= Given entries =
********************

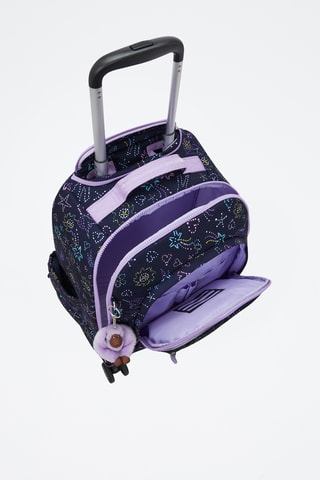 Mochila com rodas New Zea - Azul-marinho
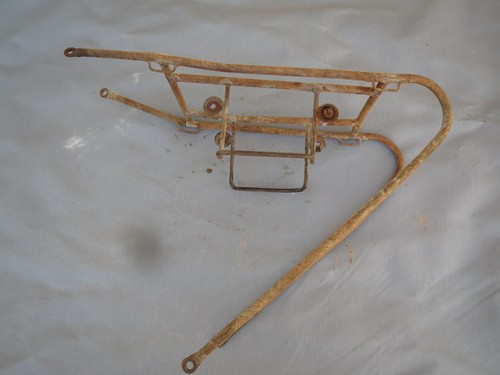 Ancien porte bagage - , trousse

********************

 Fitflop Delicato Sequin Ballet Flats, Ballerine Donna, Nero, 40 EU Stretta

********************

= Task to carry out =
Above, find the line holding "Mochila com rodas New Zea - Azul-marinho" and the line holding "Ancien porte bagage - , trousse". Print exactly those two lines and every line between them, but no pictures.

= Expected answer =
 Mochila com rodas New Zea - Azul-marinho
 Ancien porte bagage - , trousse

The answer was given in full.